Jun 9, 2007

KING LOUIE and the LOOSE DIAMONDS "Memphis Treet" CD

It says right on the back of the CD to file this under POWER POP and MEMPHIS GREASE. Well, I guess that's all there is to say, huh? Not with the likes of Jack Yarber, Harlan T. Bobo, That guy Chad who looks like Chris Shake and was in Kajun SS, Andrew Woodward of the Tearjerkers in the band, Jimbo Mathus pitching in a bit of guitar too AND Mr. Jim Dickinson doing the final mixing. I mean...DAMN! Ya know I'm gonna have some bit to say about the record.
Sure, it's greasy and has got it's share of powerpopness but leaving it just as that is like not sopping up all the left over gravy with a biscuit or two. Ya gotta savour all that flavor cuz it might be a spell before something of this kind of tastiness gets set on your plate again.

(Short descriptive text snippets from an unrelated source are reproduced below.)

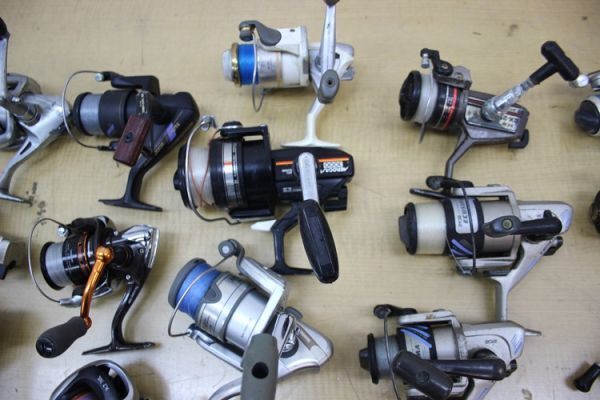 Daiwa/SHIMANO/RYOBI/CORONET/他 リール 32個まとめ ダイワ/シマノ/リョービ/オリムピック/他 ジャンク 管89233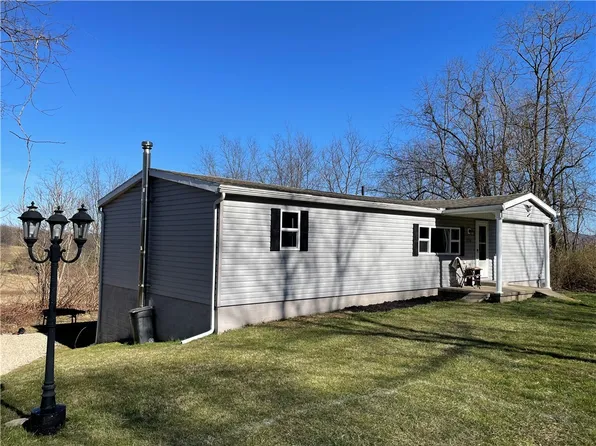 530 Turner Dr, Blairsville, PA 15717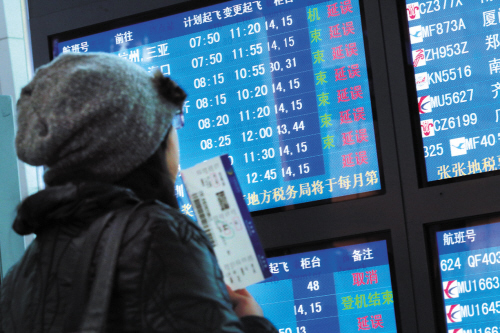 大连国际机场,因天气原因造成的航班大面积延误让很多乘客陷入漫长的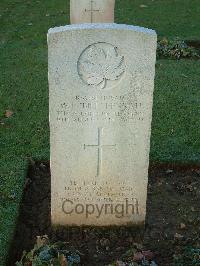 Bretteville Sur Laize Canadian War Cemetery - Fennah, William F. (Bill)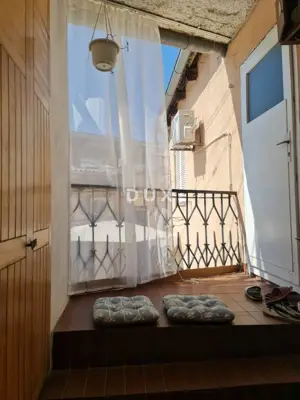 Stan 35 m², Pula Centar - 2 sobe, lođa - 8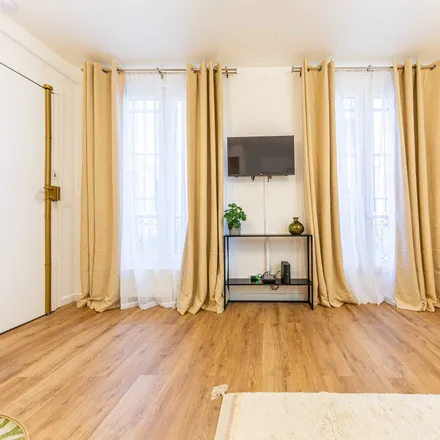 Image 9 - 130 Rue du Faubourg Saint-Martin, 75010 Paris, France - Apartment for rent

The "powerpop" tag here shines it's brightest on disc's opener, the bouncy "Negative Contact (10-77)", a bit of the 'Sweet Jane" vibe going on in "Fire On The Sun" (Yeah, I know most wouldn't consider the Velvets a powerpop band but there's more than a few hooks and ideas off "Loaded" that I'm pretty sure inspired at least a few such bands. What's that old saying that not many people heard the Velvet Underground when they were around but the one's who did started their own band's afterwards" or something like that), and last but not least "Gypsy Switch" were Louie takes backs "Shattered" by the Exploding Hearts, restoring lyrics that weren't it it's better known version and making it sound like something from "Like Flies On Sherbert" yet somehow more together but just as disheveled. All of the songs above though do have a whole bunch of Memphis Grease. As a matter of fact I think the "File Under:" notation it should have gotten top billing over the "powerpop" mention. Be it the Tony Joe White gone trash picking groove of "Girl In The Holler", a pretty straight if stripped down and ragged take "Montage de L'Amour" (aka "Mountain Of Love." Yes, the song Johnny Rivers made famous), breezes blowing through the sugar cane field instrumentals, the high school dance weeper feeling of "Heart" or the almost E Street Band feeling (in a good way. You Bruce haters gotta realize there was some good shit before "Born In The USA") of "She's Losing Her Hair" these diamonds put a oily southern pop flavor in every song. The past few summer's Louie Bankston put's out something just as summer starting to happen and it always finds itself spending a good amount of time on my stereo. "Memphis Treet" will be no different.